Start of Block
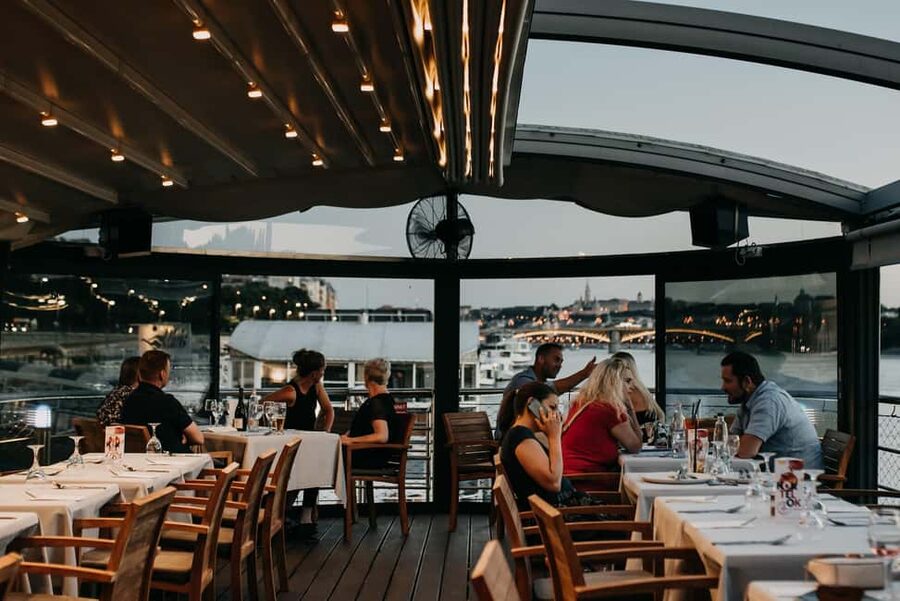 Budapest: 3-Course Dinner for 2 - stationary Boat Restaurant - Candlelight on the Danube, and why stationary matters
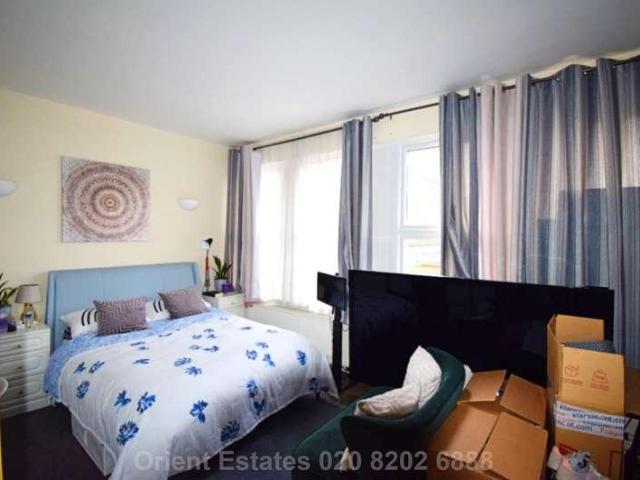 Flat for sale in Hendon, Greater London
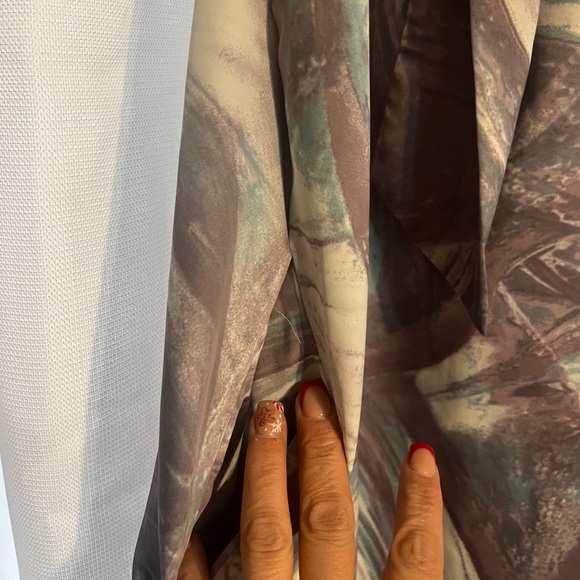 Short dress - Picture 3 of 5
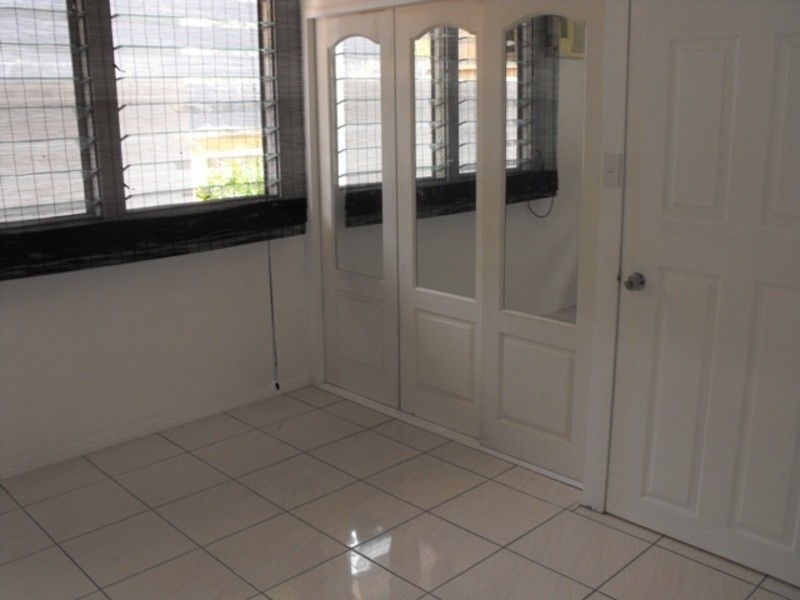 13 Rundle Street, Mount Louisa QLD 4814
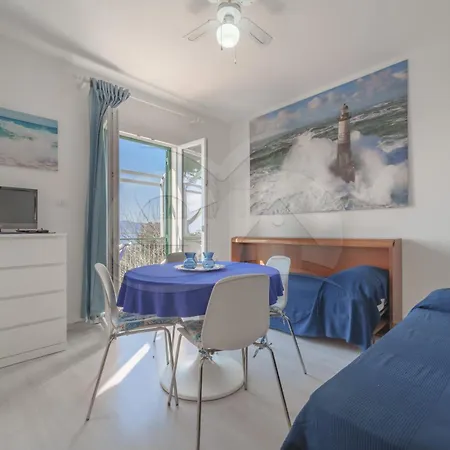 Nereidi - Goelba Appartement *
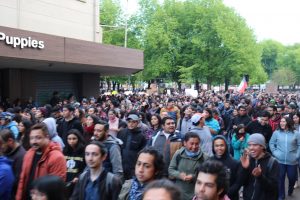 Multitudinario cacerolazo se realizó en el centro de Valdivia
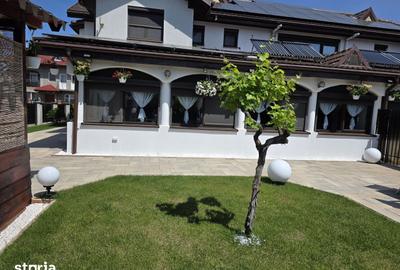 Casă cu 5 camere cu Teren 460 Mp în Central
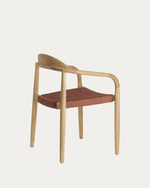 NINA stolica koja se može složiti od punog drva akacije i sjedala od užeta od terakote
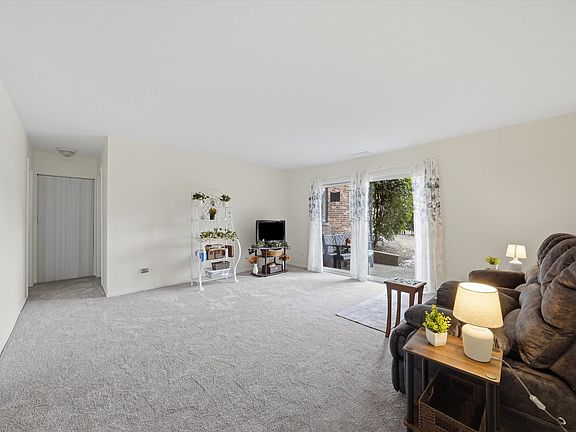 4th image of 112 Mullingar Ct APT 1D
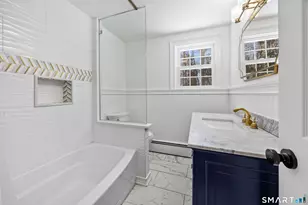 12 Bates Pl, Hartford, CT 06114 - Photo 10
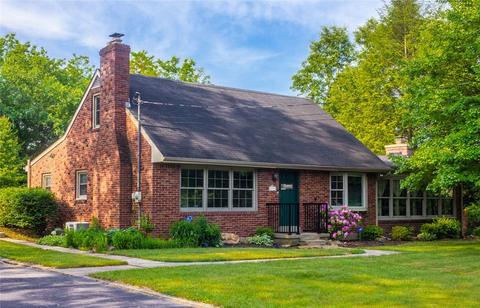 2998 Marie Dr, Gibsonia, PA 15044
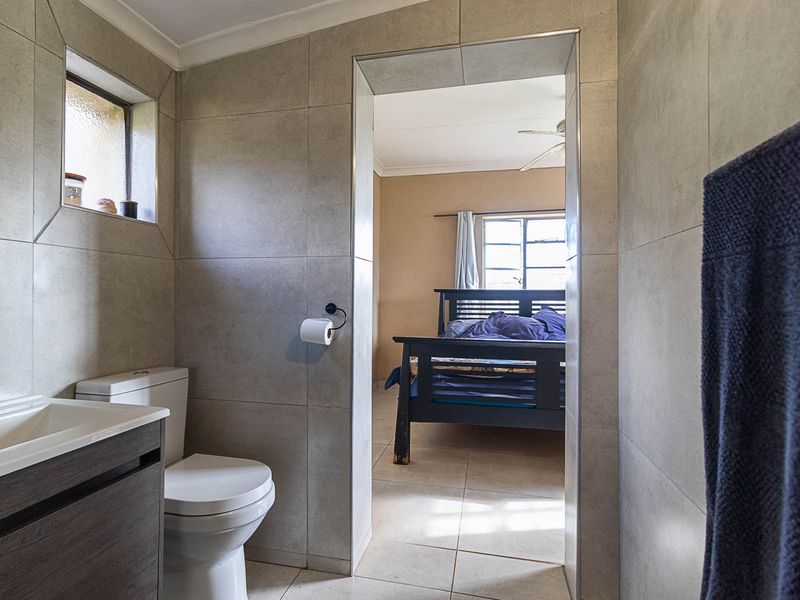 Country Freedom Meets Profit – Versatile Farm with Endless Potential - Photo 8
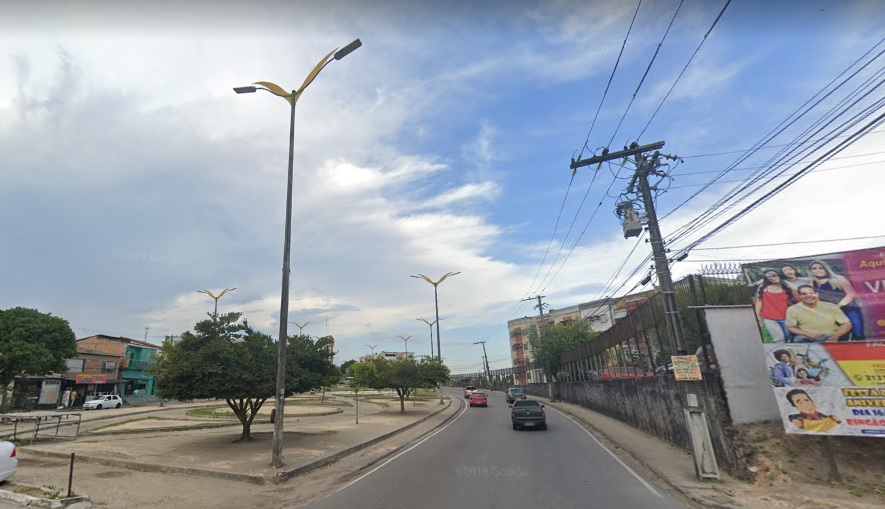 Idoso foi atropelado enquanto tentava atravessar avenida Cosme Ferreira - Foto: Reprodução/GoogleMaps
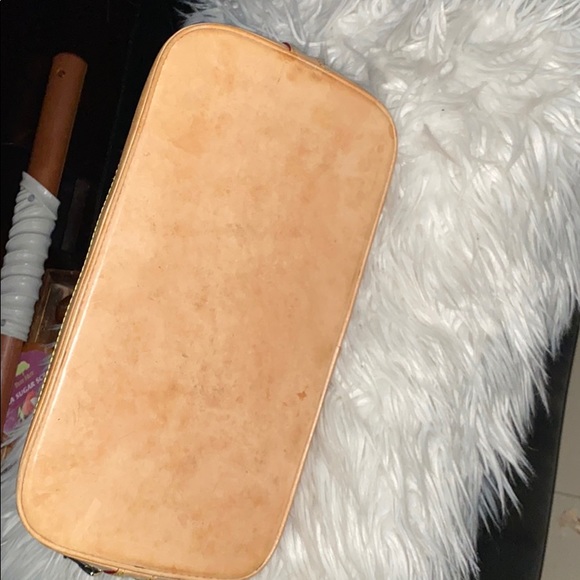 Louis Vuitton Alma - Picture 11 of 14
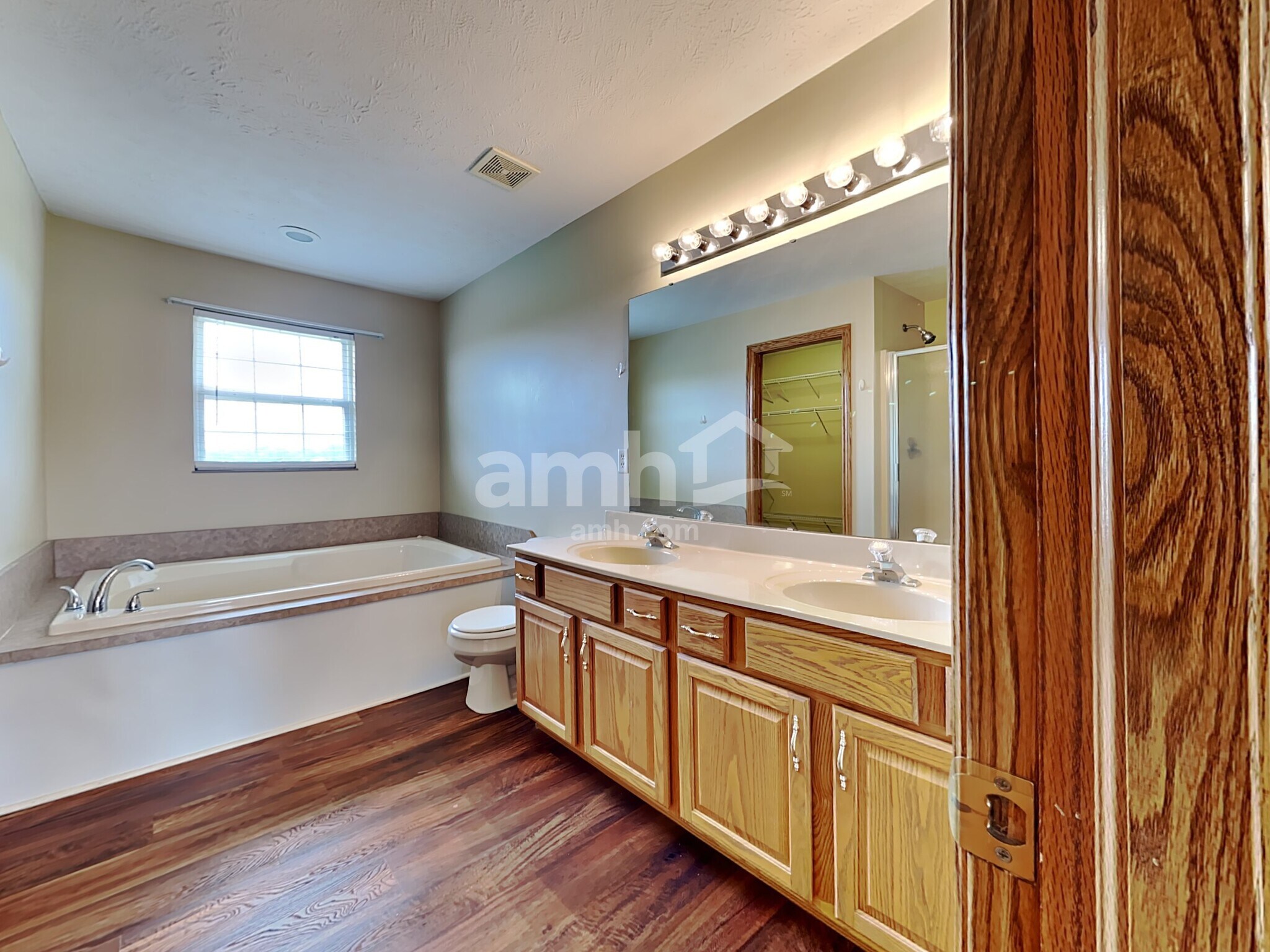 Building Photo - 841 Ginger Ridge Dr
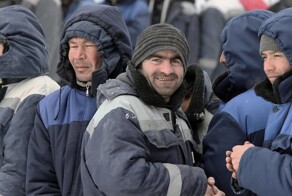 В Ленобласти супруги организовали бизнес на легализации мигрантов и незаконно оформили более четырёх тысяч иностранцев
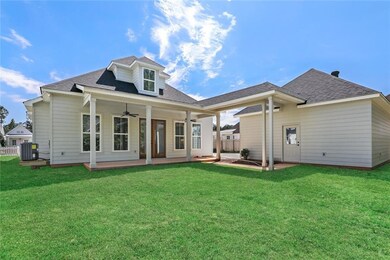 Nice covered patio with walk breezeway to your gar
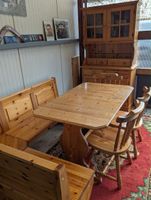 Tisch mit Auszug, 3 Stühlen und Eckbank aus Holz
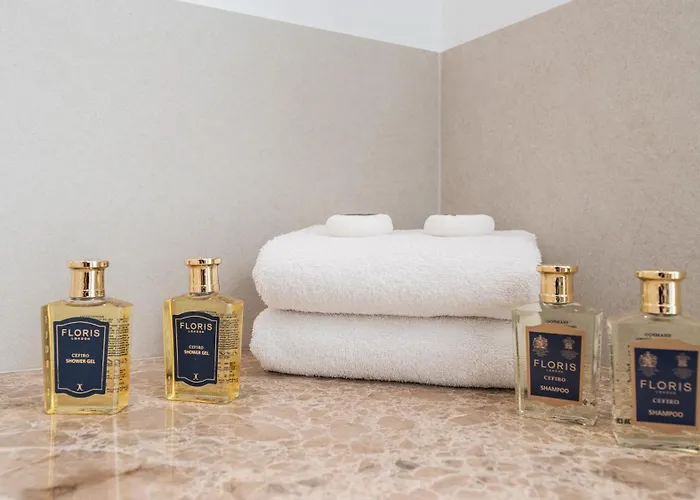 Vacation I La Alzambra Peaceful Hideaway With Sea Views *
End of Block
§ **TASK PROMPT**
In the entries above, which lines run from the one with "13 Rundle Street, Mount Louisa QLD 4814" up to and including the one with "12 Bates Pl, Hartford, CT 06114 - Photo 10"? Write them out exactly, without the pictures.

§ **OUTPUT**
 13 Rundle Street, Mount Louisa QLD 4814
 Nereidi - Goelba Appartement *
 Multitudinario cacerolazo se realizó en el centro de Valdivia
 Casă cu 5 camere cu Teren 460 Mp în Central
 NINA stolica koja se može složiti od punog drva akacije i sjedala od užeta od terakote
 4th image of 112 Mullingar Ct APT 1D
 12 Bates Pl, Hartford, CT 06114 - Photo 10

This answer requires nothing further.